Egypt reduces sugar imports and boosts production through expanded beet farming, factory upgrades, and targeted farmer incentives.
EGYPT – Egypt is on track to achieve full self-sufficiency in sugar by 2026, according to infographics released by the Cabinet’s Media Centre.
This milestone is supported by increased sugar crop cultivation and major investments in the country’s sugar industry infrastructure.
Data show that sugar beet cultivation has surged by 25%, rising from 600,000 feddans in the 2023/2024 season to 750,000 feddans in 2024/2025. This expansion is expected to yield 2.5 million tons of sugar, up from 1.5 million tons the previous year.

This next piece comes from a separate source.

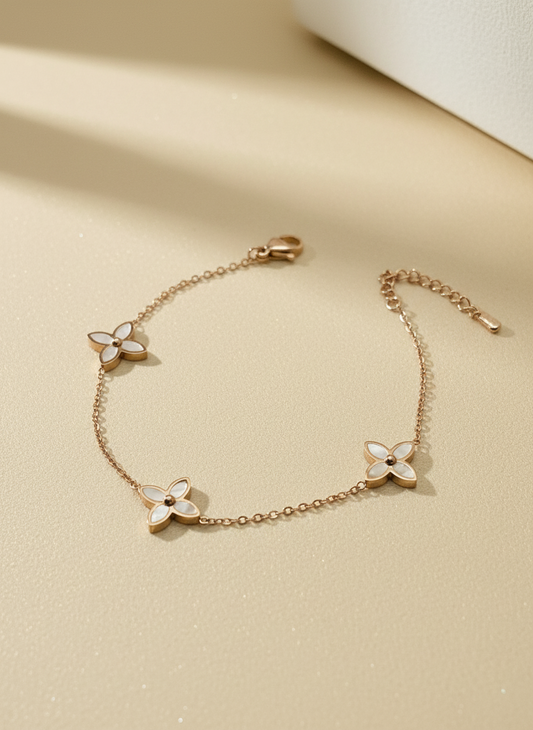 Rose gold bracelet with floral charms on a beige background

For the first time in the nation’s history, sugar production is projected to reach 2.6 million tons in 2025, with a further increase to 2.9 million tons anticipated by 2026.

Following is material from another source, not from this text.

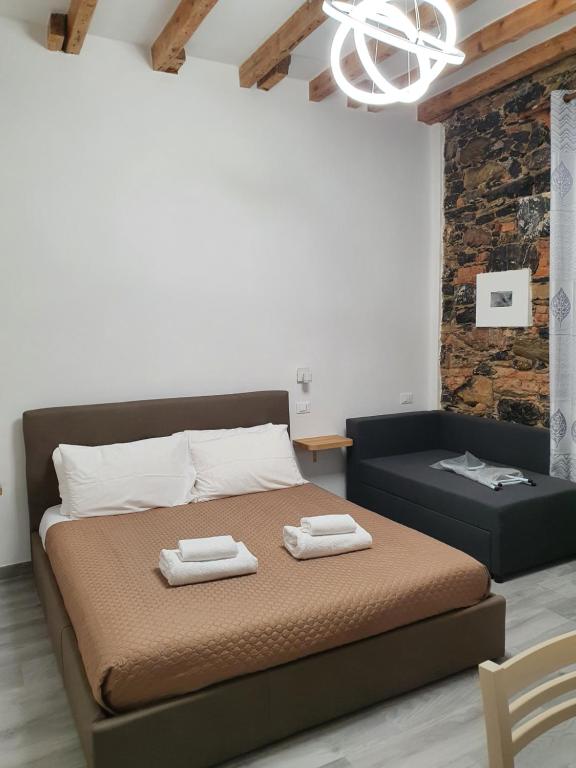 Postel nebo postele na pokoji v ubytování 5 Terre Station Rooms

As domestic production grows, Egypt’s dependency on imports is diminishing. Raw sugar imports declined by 54.5% in the first quarter of 2025, falling to US$111.1 million from US$244.4 million during the same period in 2024.
By March 2025, the country had achieved 81% self-sufficiency in sugar, with expectations that imports will no longer be necessary by early 2026. The government currently holds subsidized sugar reserves sufficient to meet national demand for 13 months.

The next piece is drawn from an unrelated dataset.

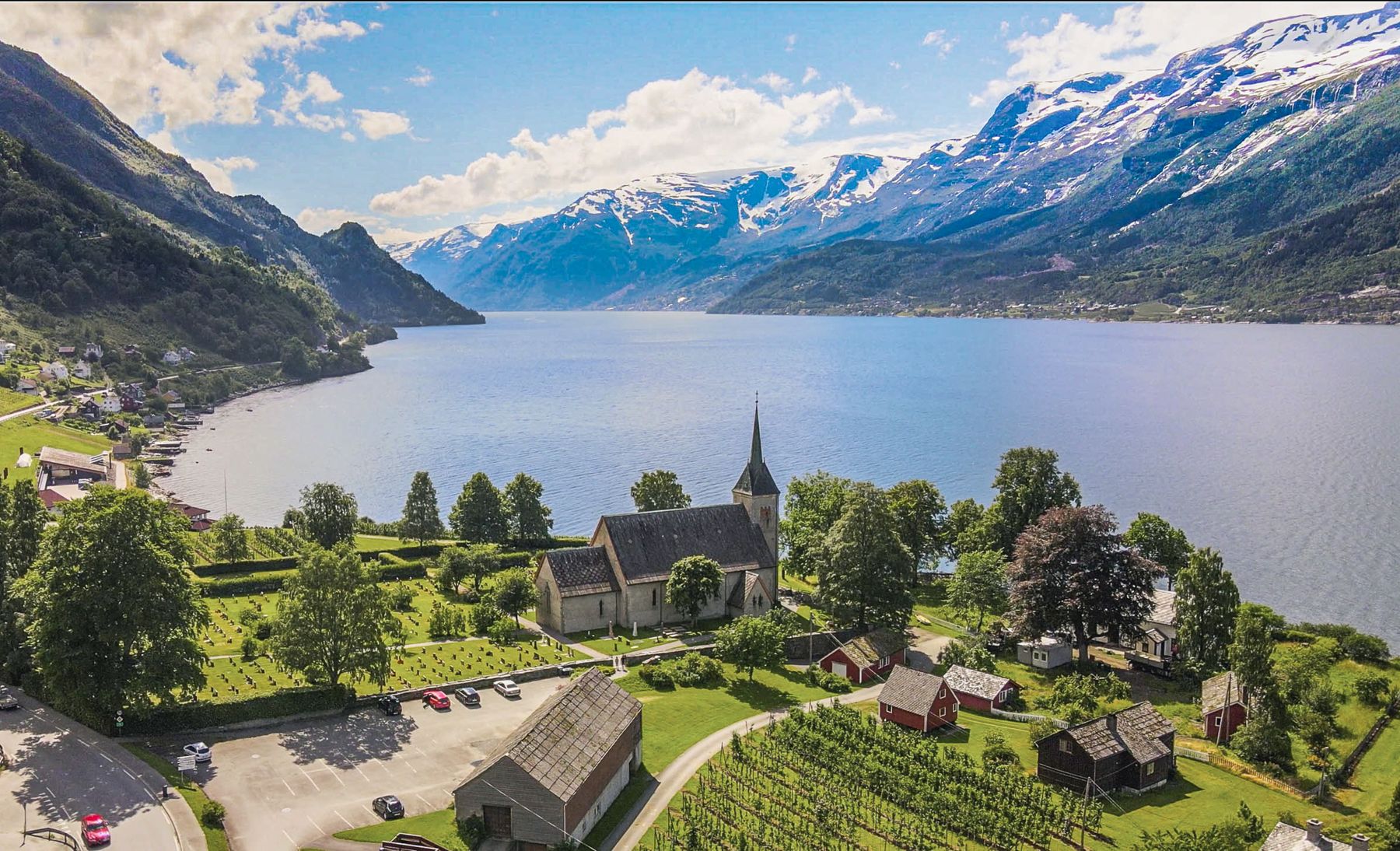 Village with a white church by the fjord, snowy mountains behind, Norway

To support this trajectory, the country has strengthened its industrial base. Egypt now hosts eight major sugar beet processing facilities, including Canal Sugar, the world’s largest single-line beet sugar factory, with a current output of 350,000 tons and a planned increase to 750,000 tons by 2026.
Other facilities include the El Sharqiya plant with a capacity of 240,000 tons and the upgraded Delta Sugar factory, now processing 21,000 tons of beet per day.
Efforts are also underway to improve sugarcane productivity. New seedling production stations, such as Wadi El-Saaida and Kom Ombo, are set to deliver 160 million and 30 million seedlings per season, respectively.
To incentivize cultivation, the government has allocated EGP 16 billion for sugarcane procurement in 2025 and EGP 7 billion for industrial operations. Reference prices are fixed at EGP 2,500 per ton for sugarcane and EGP 2,400 per ton for sugar beet. Additional bonuses reward early beet harvests and high-yield cane production.